Now, it’s not like I didn’t know what the stuff was. I know so many things, far beyond what any of you will ever know (not to be offensive), but I had never, ever, tasted food. I had never needed sustenance. But now I did. I could feel it in the stomach. A gnawing feeling. Hollowness that made the body feel weak. And there was liquid in the mouth. It was clear that the sight and smell of the food was the reason for this, because I had not thought much about it up to that point. What I had before me was a plate of spaghetti bolognese, a juice box and a cup containing different small pieces of fruit. As I said. I knew exactly what it was. I’ve been around, to put it in easy terms. Still, I couldn’t stop staring at the wonder in front of me.

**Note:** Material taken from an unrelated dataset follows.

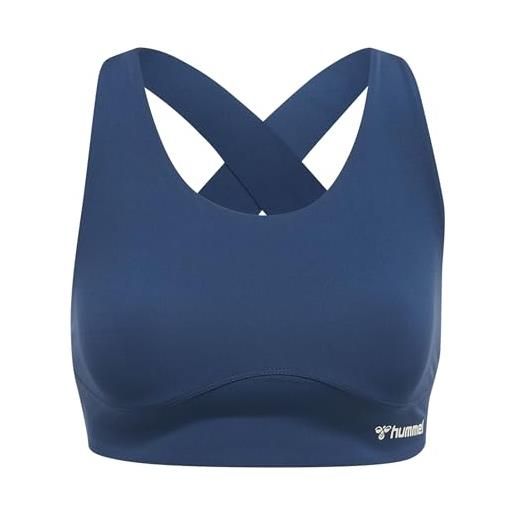 hummel reggiseno sportivo da donna hmlmt grace, nero, xs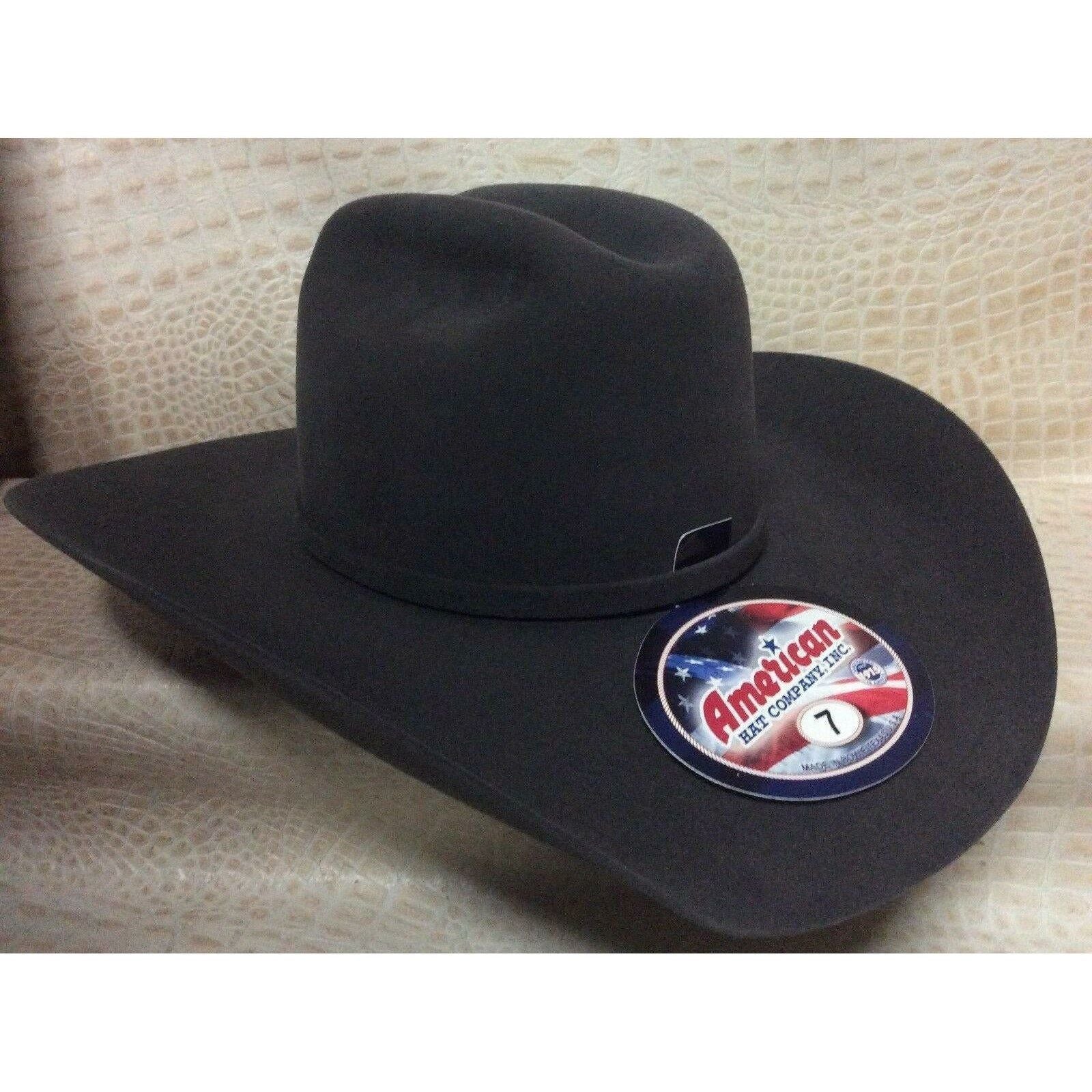 American Hat Co. Steel 7X Beaver Fur Felt Cowboy Hat Western Rodeo Ste ...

“You really should eat, Ben,” Rose said.
I looked up at her. I had forgotten she was there. “Yes,” I said and looked at the food again. I had never eaten anything before. “Could I have a gl
ass of water?” I asked.
“Sure,” she said and got up. She found a plastic cup and filled it in a sink next to the door. She smiled when she handed it to me, but it was a weak smile. I took the cup expectantly. I have seen so many men in need of water. Crying for it like a long-lost friend. I have seen them perish without it, others cry in relief when they finally got it. I had always wondered at the taste of it. Maybe it was fitting that I try it first. So, I did. I raised the cup and let the clear liquid in. Tasted it. Mild is all I can say. But it was good. Cool and mild. Then I swallowed it. Well… the body did. It seemed to know what to do. That was a relief. I drank the rest in one go and felt better afterward. Apparently, I had been thirsty too. I put the cup down and gave the food my attention again. The body knew how to swallow so I went at it with a new-found eagerness. I picked up the fork, but that felt funny. I looked at it completely bewildered for a moment. Of course, cutlery is not the same around the world, some places they just use their hands. I contemplated that, but then took the fork in the other hand. That felt better. Seemed I was right-handed. And slow minded, I reflected with resentment. But the food was good. Once I got the hang of twirling the spaghetti onto the fork, the food went down with speed. It was tasty, salty, and easy to chew. I ate every bit of it. Then I concentrated on the fruit. These juicy, sweet, and sour little bits of nutrition.